To make a gradient descent we need, well, compute gradients. We may use automatic differentiation packages to compute derivatives. Lets check PyTorch autograd with function:

\[ f(x) = e^{2x}sin(-x)x^2 \, , \]

\[ f'(x) = - xe^{2x}(x\cos(x) + 2\sin(x) + 2x\sin(x)) \, . \]

def some_function(x):
    a = torch.exp(2 * x)
    b = torch.sin(-x)
    c = x * x
    return a * b * c

def deriv_some_function(x):
    a = torch.cos(x) * x
    b = 2 * torch.sin(x)
    c = 2 * torch.sin(x) * x
    tot = - torch.exp(2 * x) * x * (a + b + c)
    return tot

x = torch.tensor(5., requires_grad=True)
y = some_function(x)
print(f'My derivative = {deriv_some_function(x):.3f}')

y.backward()
print(f'Torch derivative = {x.grad:.3f}')

x_linspace = torch.linspace(7, 12.3, 1000)
plt.plot(x_linspace, some_function(x_linspace), 'k--', label='Function')
plt.plot(x_linspace, deriv_some_function(x_linspace), label='Analytical deriv')
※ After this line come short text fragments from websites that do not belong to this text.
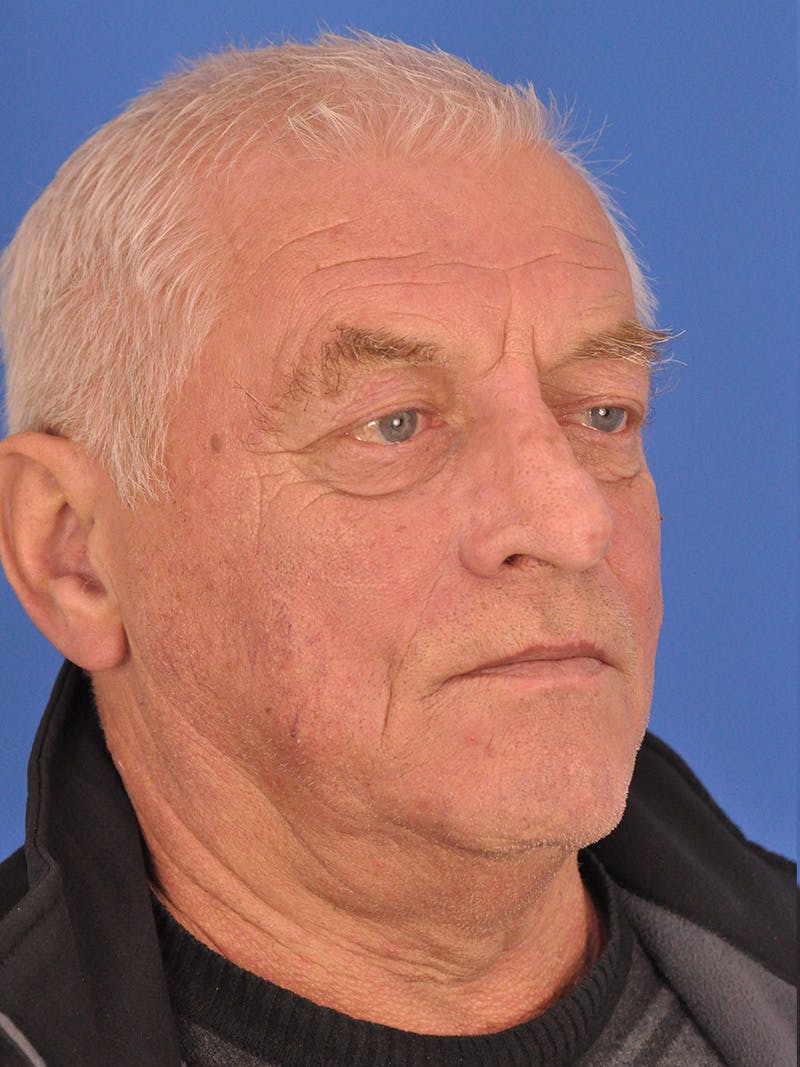 Rhinoplasty Before & After Gallery - Patient 100708 - Image 4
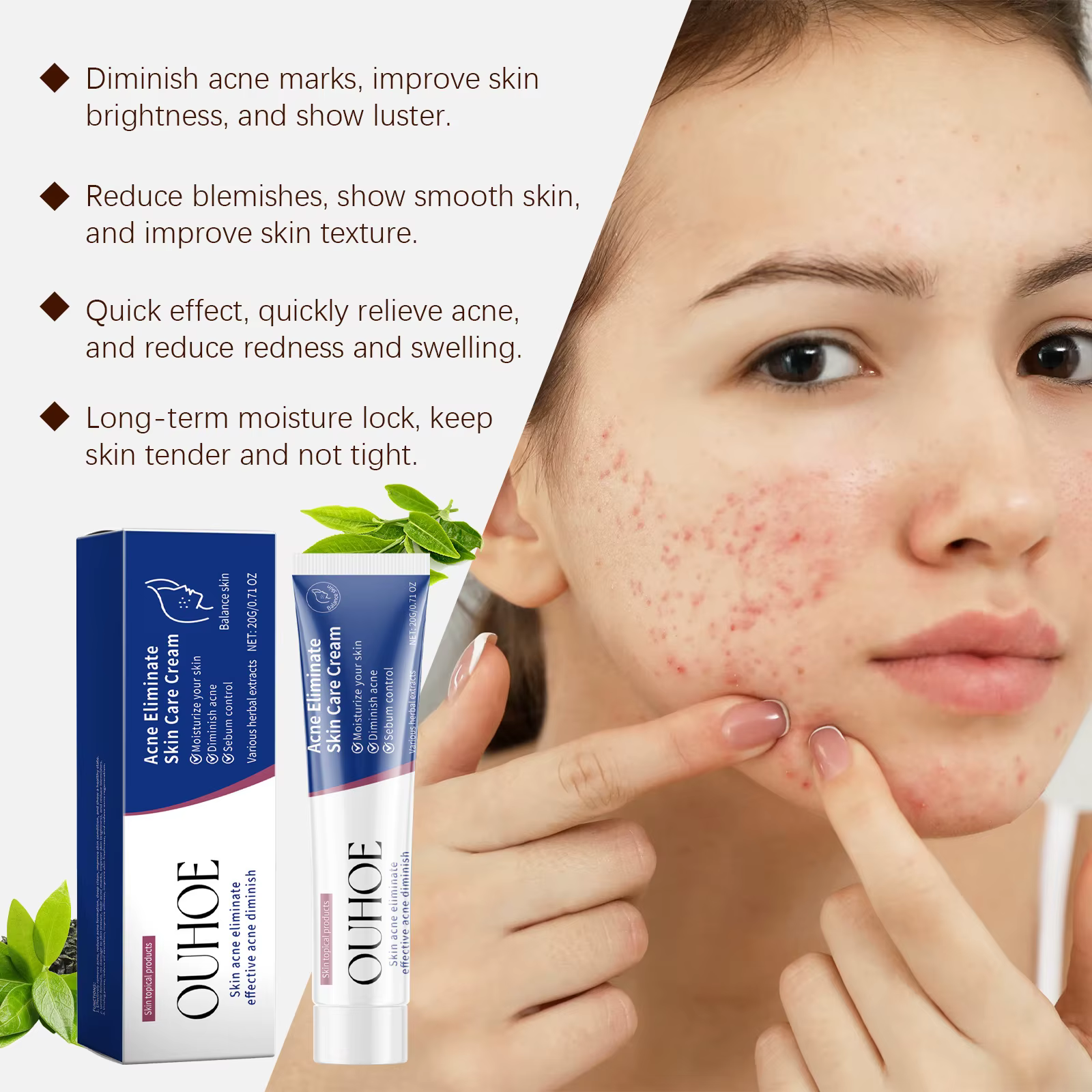 Crème de traitement de l'acné pour le visage
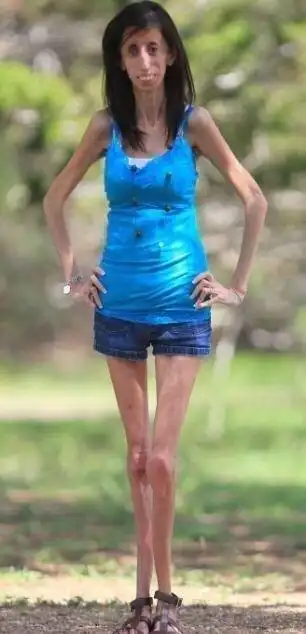 全球最瘦女孩仅27公斤,骨瘦如柴长相畸形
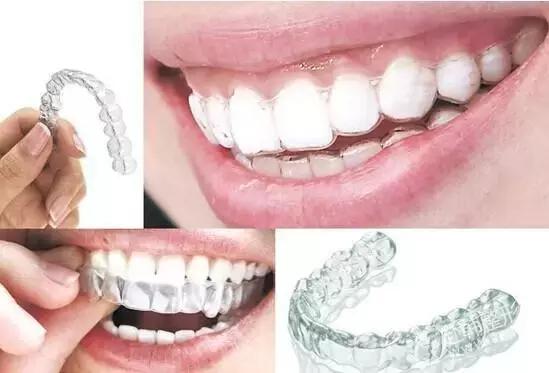 helen齿科,隐形牙套正畸刷牙正确方法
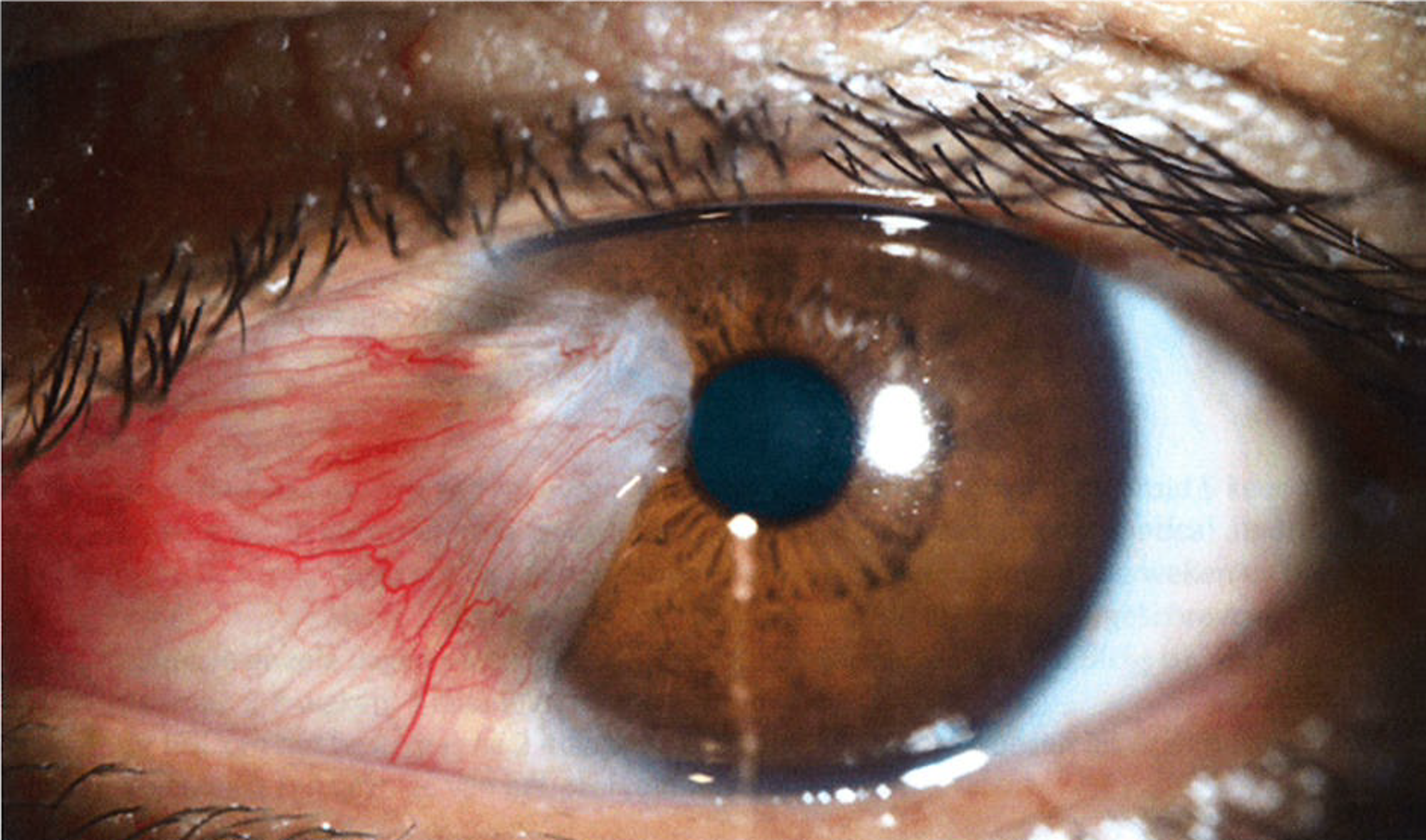 Pterygium/vleugelvlies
x_linspace = torch.linspace(7, 12.3, 1000, requires_grad=True)
y_linspace = some_function(x_linspace)
y_sum = torch.sum(y_linspace)
y_sum.backward()

plt.plot(x_linspace.detach().numpy(), x_linspace.grad, label='Torch deriv')
plt.legend();

What is going on during one epoch?

An epoch means training the neural network with all the training data for one cycle. In an epoch, we use all of the data exactly once. Learning of a NN may be decomposed on two parts:

Forward pass. Compute values:

Backward pass. Compute weights updates:

One forward pass and one backward pass are count as one pass.

Recall training in one epoch:

for batch in loader:
    X, y = batch[0].unsqueeze(1).to(device), batch[1].unsqueeze(1).to(device)
    y_pred = model(X)
    l = loss(y_pred, y)

    opt.zero_grad()
    loss_epoch_train = np.append(loss_epoch_train, l.item())
    l.backward()
    opt.step()

In step l.backward(), torch automatically calculates loss derivatives for all weights of our function that requires_grad. In step opt.step(), torch updates the weights with derivatives according to the gradient descent methods used. This is called backpropogation and it is an essence of neural network training.